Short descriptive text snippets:
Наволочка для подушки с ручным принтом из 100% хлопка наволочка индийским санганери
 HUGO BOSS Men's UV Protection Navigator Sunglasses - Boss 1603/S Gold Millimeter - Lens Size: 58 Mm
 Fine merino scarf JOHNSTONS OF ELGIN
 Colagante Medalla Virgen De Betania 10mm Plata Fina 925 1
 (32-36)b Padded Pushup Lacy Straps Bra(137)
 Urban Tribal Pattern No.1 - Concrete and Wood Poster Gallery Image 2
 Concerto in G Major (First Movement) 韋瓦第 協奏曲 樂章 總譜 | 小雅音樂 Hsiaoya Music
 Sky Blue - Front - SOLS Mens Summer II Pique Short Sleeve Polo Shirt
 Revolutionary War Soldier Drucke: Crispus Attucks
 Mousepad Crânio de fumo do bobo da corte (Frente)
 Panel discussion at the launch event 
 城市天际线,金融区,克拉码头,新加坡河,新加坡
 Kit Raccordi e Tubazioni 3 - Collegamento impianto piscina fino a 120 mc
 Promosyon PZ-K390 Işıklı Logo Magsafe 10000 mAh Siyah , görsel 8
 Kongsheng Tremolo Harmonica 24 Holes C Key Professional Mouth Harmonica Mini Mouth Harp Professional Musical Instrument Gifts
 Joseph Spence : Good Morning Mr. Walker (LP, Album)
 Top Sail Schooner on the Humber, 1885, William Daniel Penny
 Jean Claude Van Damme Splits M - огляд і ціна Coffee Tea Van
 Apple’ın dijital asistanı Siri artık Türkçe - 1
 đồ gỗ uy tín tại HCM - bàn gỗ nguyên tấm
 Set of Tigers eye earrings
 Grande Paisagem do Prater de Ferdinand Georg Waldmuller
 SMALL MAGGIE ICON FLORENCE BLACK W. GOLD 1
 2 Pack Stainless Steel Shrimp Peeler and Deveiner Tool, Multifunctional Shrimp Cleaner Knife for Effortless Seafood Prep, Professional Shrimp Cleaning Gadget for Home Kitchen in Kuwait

**Work item**
All of the data is to be transcribed exactly as written.

**Result of the task**
Наволочка для подушки с ручным принтом из 100% хлопка наволочка индийским санганери
 HUGO BOSS Men's UV Protection Navigator Sunglasses - Boss 1603/S Gold Millimeter - Lens Size: 58 Mm
 Fine merino scarf JOHNSTONS OF ELGIN
 Colagante Medalla Virgen De Betania 10mm Plata Fina 925 1
 (32-36)b Padded Pushup Lacy Straps Bra(137)
 Urban Tribal Pattern No.1 - Concrete and Wood Poster Gallery Image 2
 Concerto in G Major (First Movement) 韋瓦第 協奏曲 樂章 總譜 | 小雅音樂 Hsiaoya Music
 Sky Blue - Front - SOLS Mens Summer II Pique Short Sleeve Polo Shirt
 Revolutionary War Soldier Drucke: Crispus Attucks
 Mousepad Crânio de fumo do bobo da corte (Frente)
 Panel discussion at the launch event 
 城市天际线,金融区,克拉码头,新加坡河,新加坡
 Kit Raccordi e Tubazioni 3 - Collegamento impianto piscina fino a 120 mc
 Promosyon PZ-K390 Işıklı Logo Magsafe 10000 mAh Siyah , görsel 8
 Kongsheng Tremolo Harmonica 24 Holes C Key Professional Mouth Harmonica Mini Mouth Harp Professional Musical Instrument Gifts
 Joseph Spence : Good Morning Mr. Walker (LP, Album)
 Top Sail Schooner on the Humber, 1885, William Daniel Penny
 Jean Claude Van Damme Splits M - огляд і ціна Coffee Tea Van
 Apple’ın dijital asistanı Siri artık Türkçe - 1
 đồ gỗ uy tín tại HCM - bàn gỗ nguyên tấm
 Set of Tigers eye earrings
 Grande Paisagem do Prater de Ferdinand Georg Waldmuller
 SMALL MAGGIE ICON FLORENCE BLACK W. GOLD 1
 2 Pack Stainless Steel Shrimp Peeler and Deveiner Tool, Multifunctional Shrimp Cleaner Knife for Effortless Seafood Prep, Professional Shrimp Cleaning Gadget for Home Kitchen in Kuwait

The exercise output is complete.